| Directions for this task |
Copy exactly, and only, the lines from the line containing "Musashinok Full Engine" through the last line of the records below, both included, and leave out any pictures.

[Records from a dataset]
^^^^

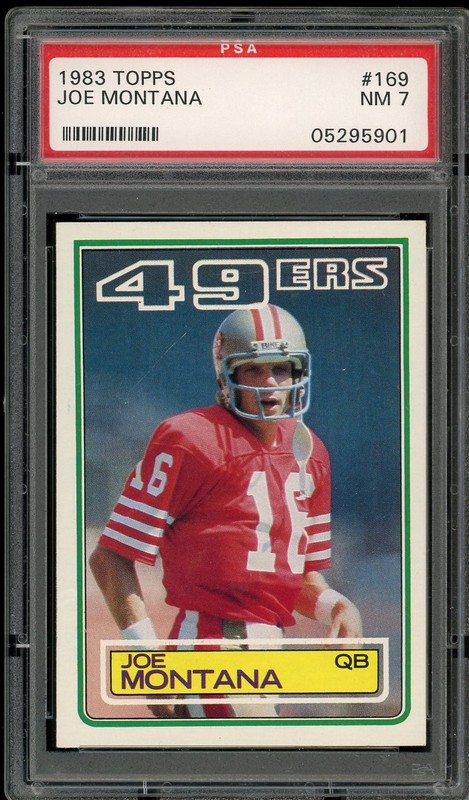 1983 Topps #169 Joe Montana - PSA 7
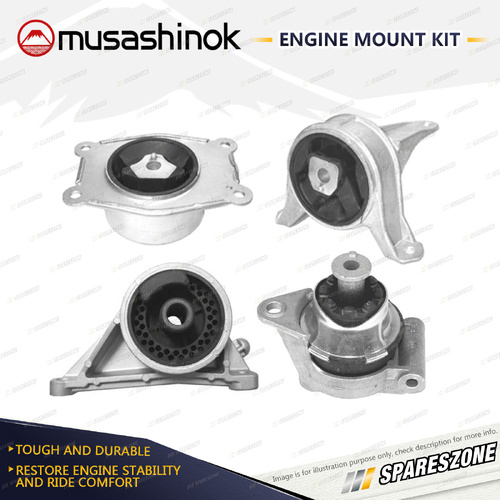 Musashinok Full Engine Mount Kit for Holden Astra TS Zafira TT 2.2L Z22SE 01-06
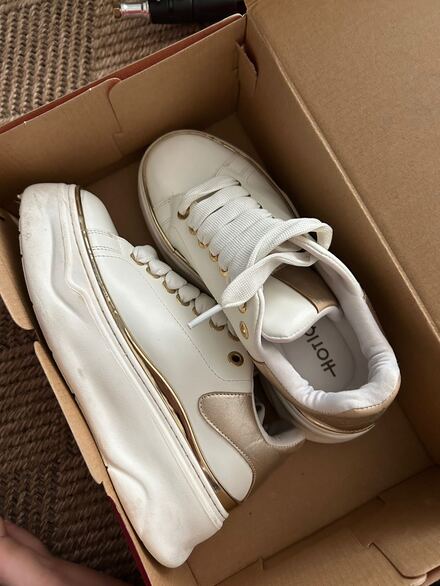 Hotiç Beyaz Sneaker Ayakkabı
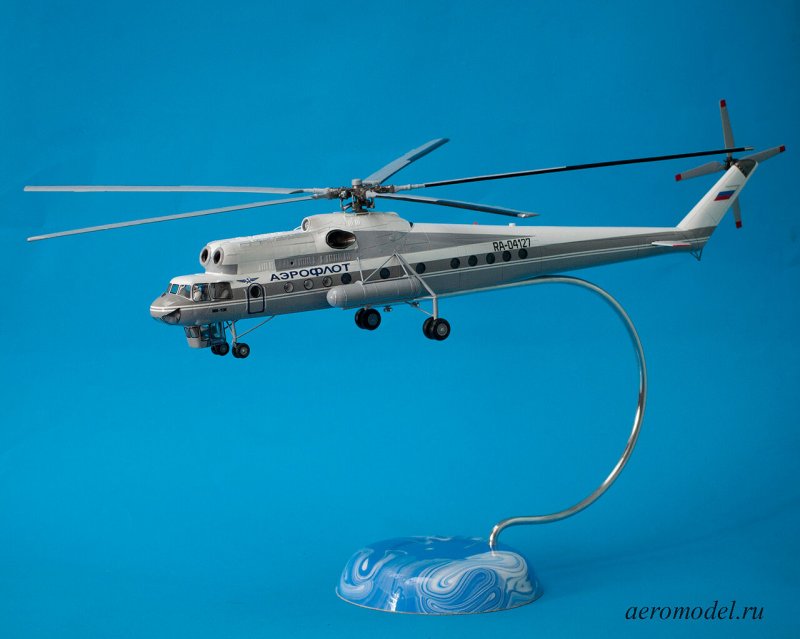 Модель вертолета ми-10к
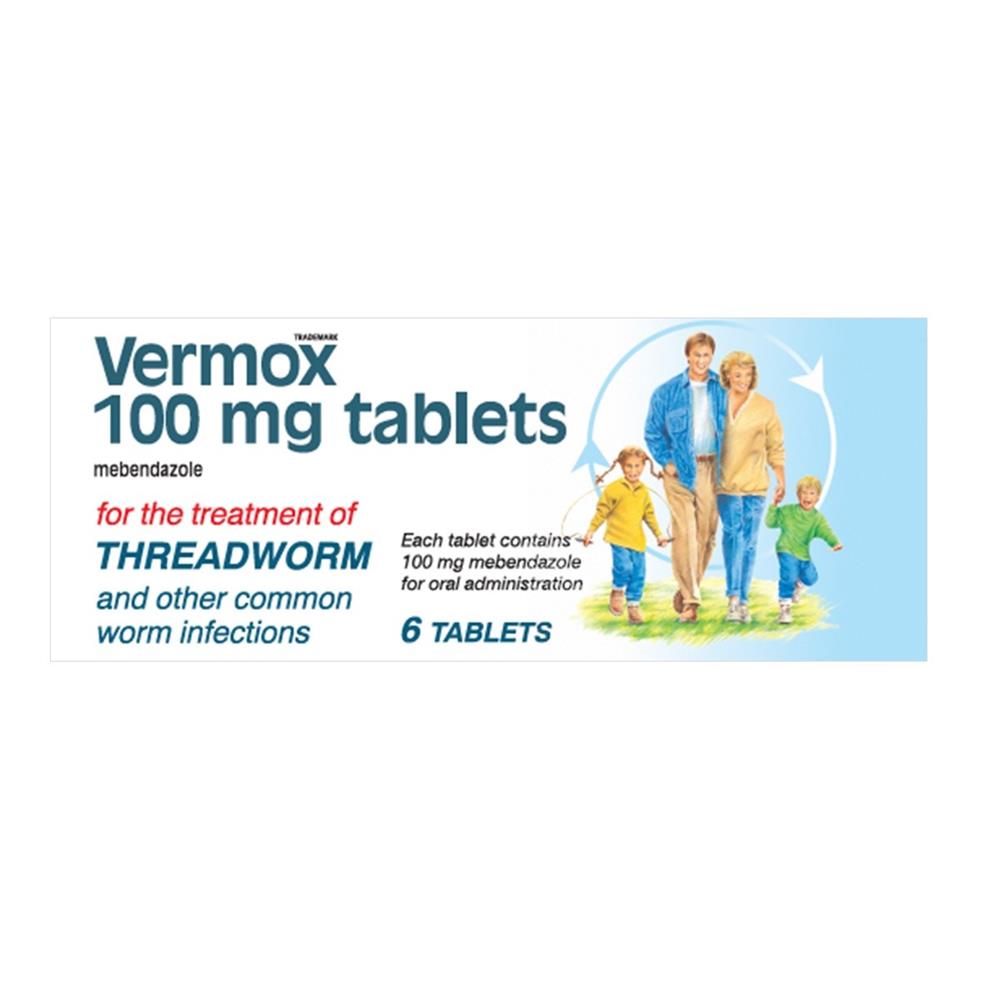 Vermox Tablets 6 Pack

^^^^

| Answer to the exercise |
 Musashinok Full Engine Mount Kit for Holden Astra TS Zafira TT 2.2L Z22SE 01-06
 Hotiç Beyaz Sneaker Ayakkabı
 Модель вертолета ми-10к
 Vermox Tablets 6 Pack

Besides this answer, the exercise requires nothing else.